Not that we’re anywhere close to being qualified enough to evaluate books but more so as a public service announcement we will periodically discuss barbecue and barbecue-related books.
Monk: If John Shelton Reed writes a book on barbecue, I’m reading it. Because he writes about the subject so intelligently and (not to mention wittily) from both a historical as well as a cultural viewpoint, his insights always make me think and often chuckle.
“Holy Smoke: The Big Book of NC Barbecue” was co-written by Reed, his since-passed wife Dale Volberg Reed, and William McKinney and is likely my favorite book on the subject (certainly the case when it comes to North Carolina barbecue). His “Barbecue” book for UNC Press’ Savor the South Series is more than just a barbecue recipe book. And any freelance work from him that comes across my Google Alerts I read immediately.
In addition to being an accomplished author, John Shelton Reed is the co-founder (along with Dan Levine) and “Eminence Grease” of The Campaign for Real Barbecue, also known as True ‘Cue. There, he advocates for wood-smoked barbecue (sometimes ruffling the feathers of folks like Carey Bringle of Peg Leg Porker). Again, I’m a huge fan.

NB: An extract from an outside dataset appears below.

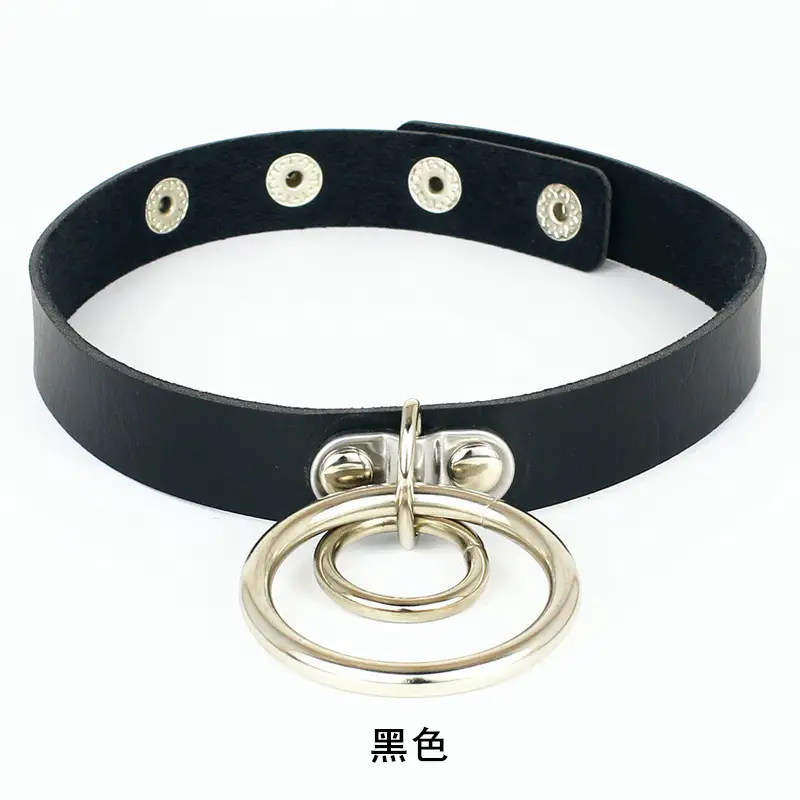 Women Double Ring Leather Choker Necklace Red Pink Blue Black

With that buildup, “On Barbecue” is his latest book and is a collection of his barbecue writings over the years (by far is his most written-about subject), which includes book reviews, freelance articles, some True ‘Cue newsletter writings, and an excerpt from “Holy Smoke.” Our friend John Tanner wrote up the book nicely over on his blog but I’ll add to the praise chorus as well.
In it, Reed is able to connect his previous works into a cohesive narrative across a fairly quick read. From the true origins of barbecue (both the practice and the word itself) to the current state of it to the invasion of gassers into barbecue restaurants to the nuances of barbecue in the state of North Carolina, I read the 157 pages in a couple of sittings but could have easily read in just one. And what a great cover.
I was graciously provided a copy of the book by Reed in exchange for an honest review (which you’ve just read) but the honest truth is that I would have purchased it with my own money no matter what. I urge you barbecue fans out there to purchase it at your nearest independent bookstore and give it a read.